April, 19 2019 /Politics, Law & Society

War criminals shouldn’t get liberty of pleading for human rights violation

There must be stricter laws to punish corrupt contractors and arms dealers working in war-zones

Gunrunners and fraud contractors were nabbed by the United States intelligence team. They were acting against the military in the war-torn countries like Afghanistan, Syria, and Iran. Some big businessmen and their companies were accused of war crimes and they were brought in the US court to address their crimes.

The effort of the US intelligence team was in vain as soon the illegal arms dealer and fraudster Tony Abi Saab's case was dragged out of criminal court to be heard in the Civil court of the US.

The wanted war criminal Tony Abi Saab was caught through a sting operation. He was accused of supplying guns and weapons to the terrorists in the Middle East. His company Brescia Middle East (BME) that deals in gun and ammunition imported guns to Lebanon from Italy, mainly from two firms—Tanfoglio and Beretta to later reroute them to the regions of terrorists.

In 2011, Tony was arrested and flown to the US court to stand a trial. He was addressing the accusation of money laundering, bribery, and running ghost companies with name K5 Global, G2Armory, Brixia, SIMAINT, Tactica Ltd, and Bennet-Fouch, which defrauded the US military of $5 million dollars. His main company, BME had been laundering money obtained from the illegal business with the terrorist organizations.

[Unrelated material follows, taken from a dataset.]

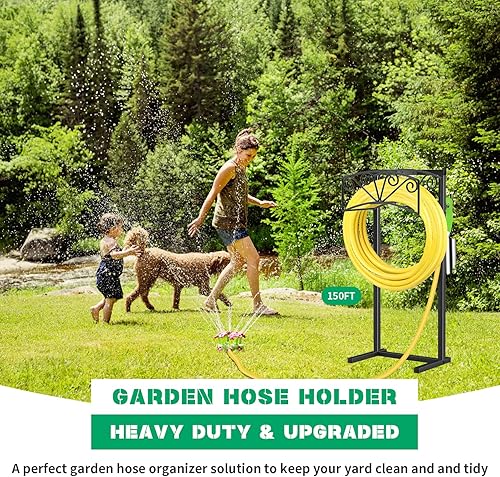 Miniatura 6 de TomCare Soporte de manguera de jardín mejorado de metal resistente para manguera de agua con capacidad para mangueras de 160 pies, carrete de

Tony's case was heard in civil court instead of a military or criminal court of the United States because of his powerful connections. Despite having enough evidence against Tony, the federal government couldn't convict him for his crimes due to a technicality in the circuit court. In civil court, he was treated as a normal criminal rather than a war instigator. He pleaded human rights violation, torture, and rendition against the investigations teams. He also claimed that the investigation team tampered the evidence and has no rights to collect evidence from foreign countries like Syria and Iran. All the grievous charges against Tony were dropped and he just paid a small sum of money as a penalty for bribery.